TASK BRIEF: The line containing "Adorable Funny Niedlich" marks the end, so write out exactly every line from the top of the entries below through that one.
(SUPPLIED RECORDS begins)
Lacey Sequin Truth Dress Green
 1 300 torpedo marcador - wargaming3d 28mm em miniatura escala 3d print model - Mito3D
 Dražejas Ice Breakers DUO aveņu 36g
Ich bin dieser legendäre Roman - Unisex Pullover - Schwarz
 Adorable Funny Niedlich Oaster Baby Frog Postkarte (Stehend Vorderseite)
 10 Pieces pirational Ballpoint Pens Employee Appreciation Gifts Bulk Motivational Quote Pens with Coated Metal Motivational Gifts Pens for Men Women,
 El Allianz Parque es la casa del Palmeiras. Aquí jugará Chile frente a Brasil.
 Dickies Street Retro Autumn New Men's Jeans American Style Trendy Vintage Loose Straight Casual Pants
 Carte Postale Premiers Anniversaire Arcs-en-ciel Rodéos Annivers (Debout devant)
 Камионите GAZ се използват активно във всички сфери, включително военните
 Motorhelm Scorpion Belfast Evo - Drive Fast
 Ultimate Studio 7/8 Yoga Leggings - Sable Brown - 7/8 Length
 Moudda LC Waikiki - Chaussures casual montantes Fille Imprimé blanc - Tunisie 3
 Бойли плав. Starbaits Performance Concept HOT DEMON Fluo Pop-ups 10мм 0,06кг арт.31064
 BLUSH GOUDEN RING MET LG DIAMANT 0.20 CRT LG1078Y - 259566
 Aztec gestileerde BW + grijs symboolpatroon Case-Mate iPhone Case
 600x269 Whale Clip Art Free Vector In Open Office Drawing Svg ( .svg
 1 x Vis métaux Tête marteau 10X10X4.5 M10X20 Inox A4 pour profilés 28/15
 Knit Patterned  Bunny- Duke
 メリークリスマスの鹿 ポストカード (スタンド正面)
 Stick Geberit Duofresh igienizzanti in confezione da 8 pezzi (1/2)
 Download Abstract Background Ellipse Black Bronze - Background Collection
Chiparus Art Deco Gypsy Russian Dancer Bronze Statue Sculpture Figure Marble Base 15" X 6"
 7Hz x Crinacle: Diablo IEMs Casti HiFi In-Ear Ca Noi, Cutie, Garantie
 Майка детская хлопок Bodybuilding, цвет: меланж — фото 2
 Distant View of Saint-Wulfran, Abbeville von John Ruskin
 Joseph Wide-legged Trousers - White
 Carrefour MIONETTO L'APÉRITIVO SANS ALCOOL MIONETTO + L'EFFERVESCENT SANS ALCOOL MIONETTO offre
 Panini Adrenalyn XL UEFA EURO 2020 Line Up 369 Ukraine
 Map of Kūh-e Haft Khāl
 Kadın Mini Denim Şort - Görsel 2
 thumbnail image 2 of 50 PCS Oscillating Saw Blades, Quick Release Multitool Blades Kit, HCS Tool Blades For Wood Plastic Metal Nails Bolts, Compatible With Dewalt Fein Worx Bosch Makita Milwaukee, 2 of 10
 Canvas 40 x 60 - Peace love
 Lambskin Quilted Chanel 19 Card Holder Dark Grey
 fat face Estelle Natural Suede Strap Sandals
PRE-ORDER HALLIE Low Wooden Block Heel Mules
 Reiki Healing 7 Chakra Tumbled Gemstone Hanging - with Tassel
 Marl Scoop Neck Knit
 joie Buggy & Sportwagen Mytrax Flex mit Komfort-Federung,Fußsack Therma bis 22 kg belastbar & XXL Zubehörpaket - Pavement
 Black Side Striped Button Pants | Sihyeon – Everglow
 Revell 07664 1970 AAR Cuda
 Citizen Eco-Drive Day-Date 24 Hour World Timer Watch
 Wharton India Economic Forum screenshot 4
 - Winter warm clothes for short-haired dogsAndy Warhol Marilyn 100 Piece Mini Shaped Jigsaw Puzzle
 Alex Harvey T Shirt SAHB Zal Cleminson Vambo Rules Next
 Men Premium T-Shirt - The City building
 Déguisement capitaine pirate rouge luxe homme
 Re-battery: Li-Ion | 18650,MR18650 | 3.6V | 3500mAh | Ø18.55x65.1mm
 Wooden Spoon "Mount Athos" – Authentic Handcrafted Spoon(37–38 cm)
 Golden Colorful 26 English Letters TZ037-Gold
(SUPPLIED RECORDS ends)
RESPONSE TO THIS EXERCISE:
Lacey Sequin Truth Dress Green
 1 300 torpedo marcador - wargaming3d 28mm em miniatura escala 3d print model - Mito3D
 Dražejas Ice Breakers DUO aveņu 36g
Ich bin dieser legendäre Roman - Unisex Pullover - Schwarz
 Adorable Funny Niedlich Oaster Baby Frog Postkarte (Stehend Vorderseite)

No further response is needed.